Cyanide isn’t just the last resort for the captured spies of Hollywood film. It’s also a crucial component of the early chemistry of life. And now, new research finds that cyanide might have ridden to Earth on meteorites.
Samples of a particular group of primitive meteorites — including a large one that fell near Murchison, Australia, in 1969 — all contain cyanide, bound in a stable configuration with iron and carbon monoxide. These same sorts of structures are found in enzymes called hydrogenases in modern bacteria and archaea, which could suggest that early life either borrowed from meteorites or that early Earth’s geology formed the same kind of cyanide compounds, said study co-author Michael Callahan, an analytical chemist Boise State University.

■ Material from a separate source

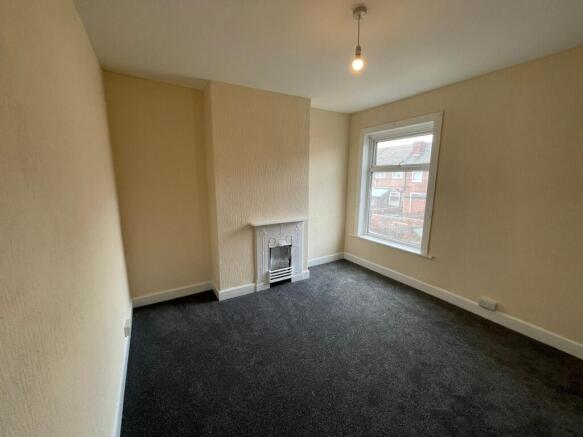 3 bed Terraced to rent Image 6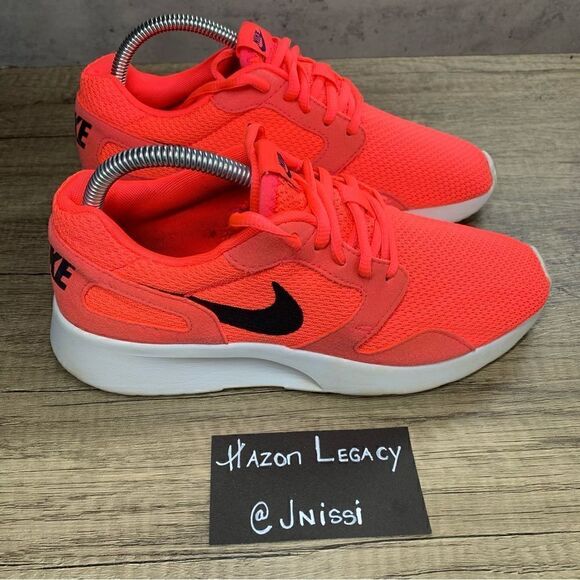 Nike~Kaishi Crimson~Women’s Running Shoes Neon Pink~Size 8 - Picture 2 of 9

“When you study these primitive meteorites it’s like you’re hopping into a time machine and you can go back and study these ancient materials,” Callahan told Live Science. “And then you find these connections to life and ancient biology.”
Seeking Cyanide
Callahan and his colleagues began seeking cyanide in space rocks after publishing a 2011 paper in which they discovered nucleobases in meteorites. Nucleobases, like guanine or adenine, are among the building blocks of DNA. The chemistry of the nucleobases and their parent asteroids looked as though it depended on cyanide as a reactant, Callahan said. But he wasn’t confident that they’d be able to find any cyanide on meteorites, even if it had once existed. Cyanide is extremely reactive, Callahan said, so he expected that it would have been used up and transformed long before it landed on Earth.